Thanks for you informative reply. To clarify my post, I am recently retired and have calculated that my retirement income is well above my expenses; the nest egg is frosting on the cake. Would you still recommend the same strategy?

Basically, yes.

Your investments need to be diversified. Different asset classes by size and geography. Have stock and bond assets.

It looks like your cash management will generally revolve around your retirement income.

I always maintain a cash cushion in our passbook savings to cover the shortfall between our income and expenses for 6 months plus some extra for emergencies. I also keep some cash in out taxable brokerage. We have near-cash in an IRA annuity that can provide money in 3 market days (21% of our portfolio). (In 8 years, we have not had to use that option.)

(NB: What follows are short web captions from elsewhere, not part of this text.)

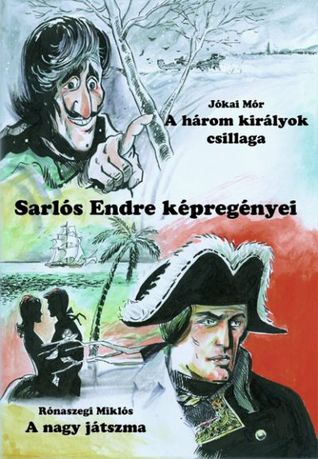 Sarlós Endre képregényei #2 - A három királyok csillaga / A nagy játszma (Paperback)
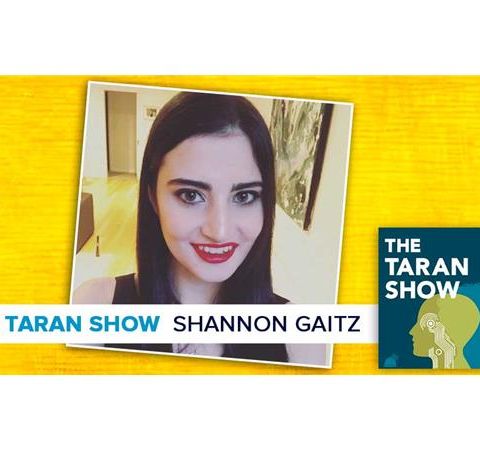 Taran Show 46 | Shannon Gaitz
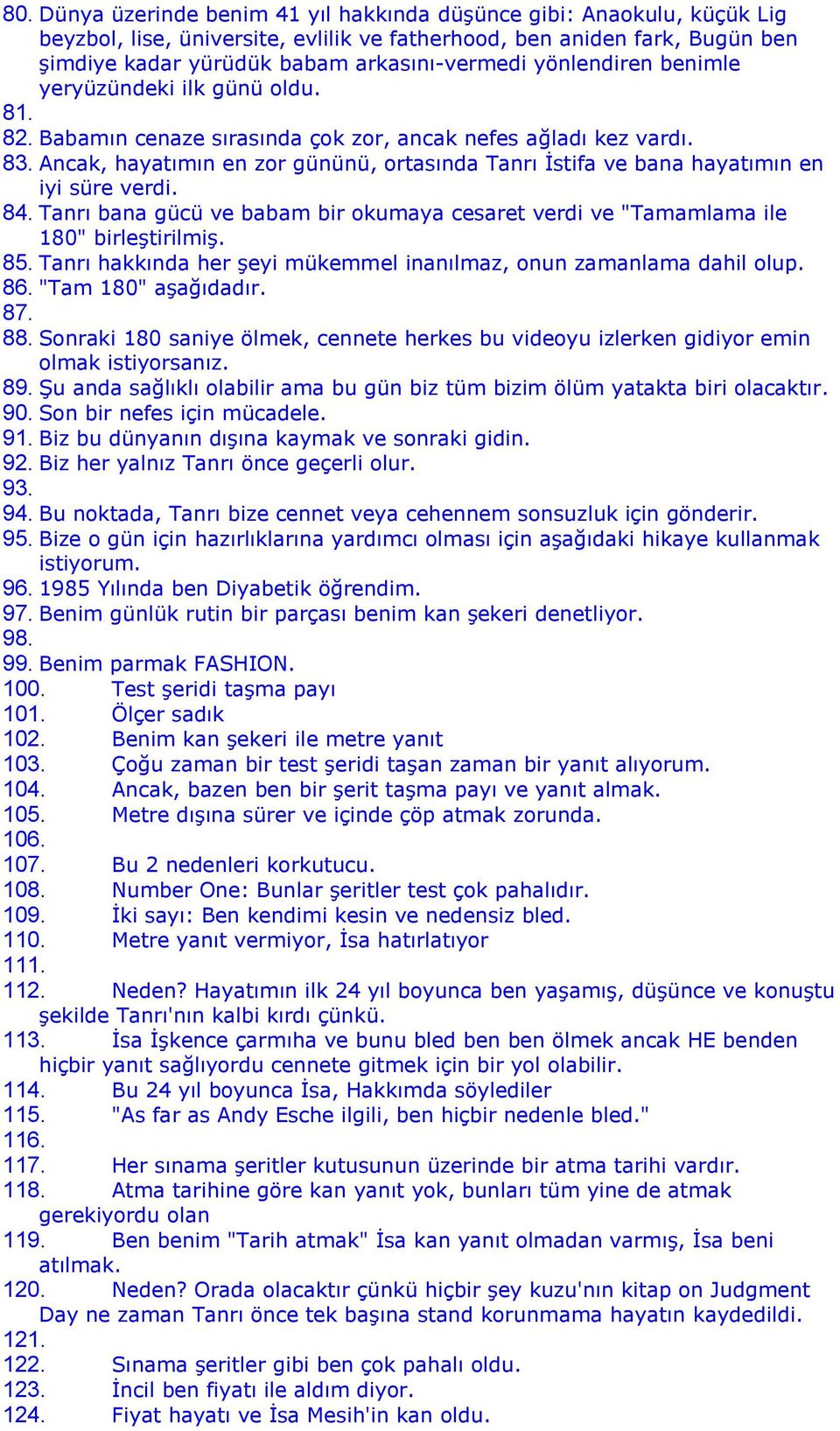 Ancak, hayatımın en zor gününü, ortasında Tanrı İstifa ve bana hayatımın en iyi süre verdi. 84. Tanrı bana gücü ve babam bir okumaya cesaret verdi ve "Tamamlama ile 180" birleştirilmiş. 85.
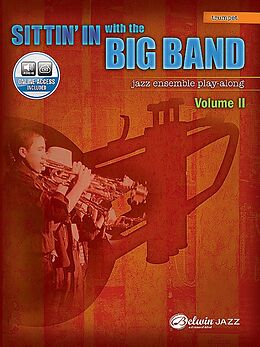 Kartonierter Einband Sittin' in with the Big Band, Vol 2: B-Flat Trumpet, Book & Online Audio [With CD (Audio)] von 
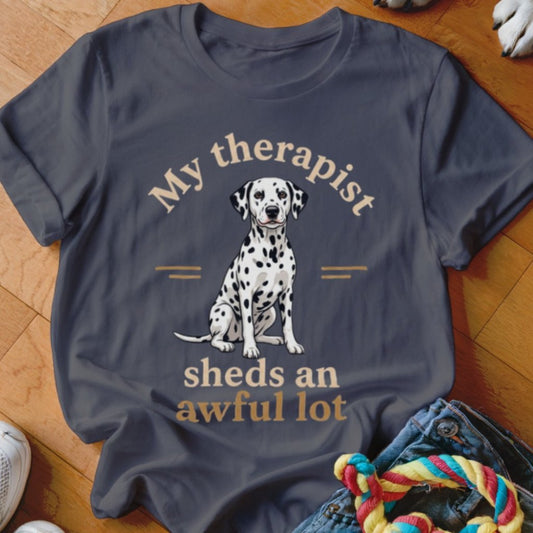 My Therapist Sheds Dalmatian Shirt - The Pawsitive Initiative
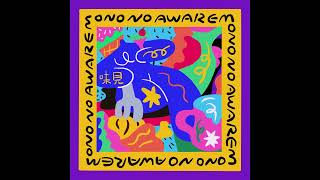 MONO NO AWARE “味見” (Official Audio Visual)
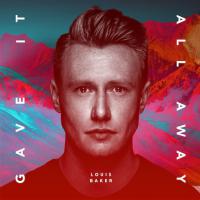Louis Baker Shares New Single 'gave It All Away'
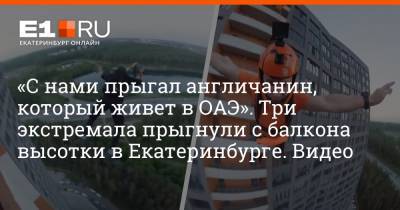 «С нами прыгал англичанин, который живет в ОАЭ». Три экстремала прыгнули с балкона высотки в Екатеринбурге. Видео - e1.ru - Екатеринбург - Эмираты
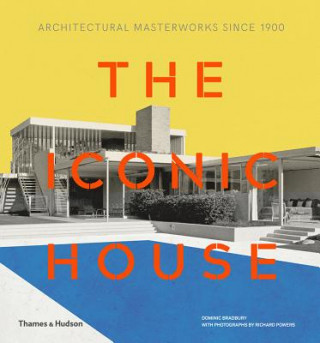 Книга Iconic House Dominic Bradbury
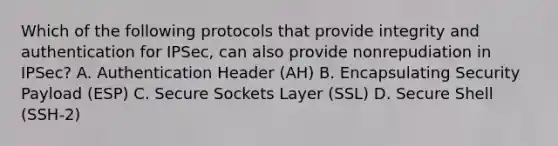 Which of the following protocols that provide integrity and authentication for IPSec, can also provide nonrepudiation in IPSec? A. Authentication Header (AH) B. Encapsulating Security Payload (ESP) C. Secure Sockets Layer (SSL) D. Secure Shell (SSH-2)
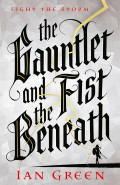 The Gauntlet and the Fist Beneath by Ian Green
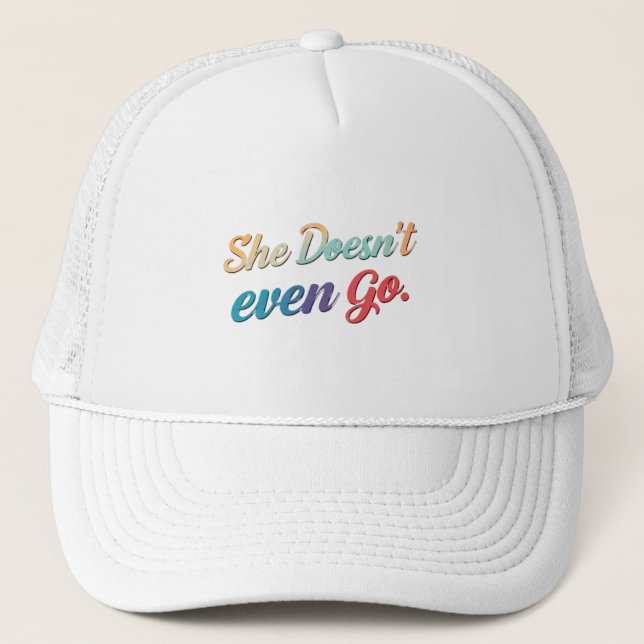 Casquette Elle ne va même pas (Devant)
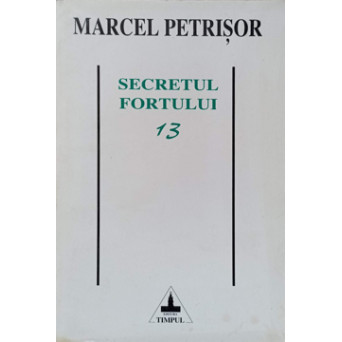 MEMORII II. SECRETUL FORTULUI 13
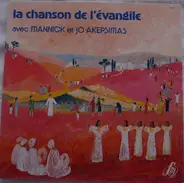 Mannick Et Jo Akepsimas - La Chanson de L'évangile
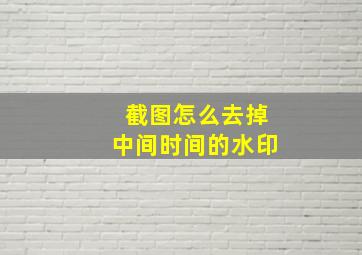 截图怎么去掉中间时间的水印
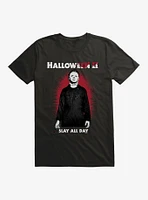 Halloween II Bloody Slay All Day  T-Shirt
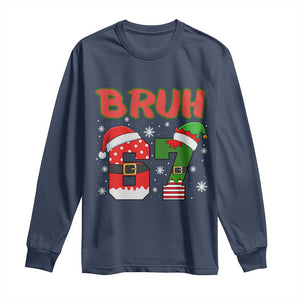 67 Christmas Long Sleeve Shirt Six Seven Bruh Funny Boys Kids Meme Pajamas Gen Alpha Slang TS10 Navy Print Your Wear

Our cash cushion serves 2 purposes: Cash for normal expenses and an emergency fund. We have had a number of big expenses(Replace heat pump, replace refrigerator, etc) that we could pay with a card then pay the balance without being required to sell stock.

pauleckler mentioned inflation in his response which is always a concern going forward. SSA and most government pensions are adjusted somewhat for inflation but effective inflation for a person can vary from that.

If you have excess funds after getting a cash cushion in place, use it to add to funds in your taxable account. (So far, we have lived entirely on our taxable brokerage account.)

Time will tell you how the income/expense balance is working and if you need to tap the IRA.

Since you mentioned IRA, I will assume traditional not Roth. If that is true, 10 years from now, in the year you turn 70 1/2, you will be taking Mandatory Required Distributions from your traditional IRAs (includes 401k/403b/457b accounts both traditional and Roth, but not Roth IRAs) RMDs normally amount to slightly under 4% each year. This can be used for spending or saving in your taxable account. Under current regs, it can be gifted directly to charity.

Based upon the numbers you provided, your taxable income will raise a little with the RMDs but it should not be significant. Depends on your other income, its tax status and amount. You can figure that as you get closer to 70.

I have been very(maybe excessively) conservative in our planning for expenses, savings, etc. That has served us very well through the market dips and side-ways trends. It is very reassuring to have a big chunk of money available to use if it is needed. One never knows what the future will bring.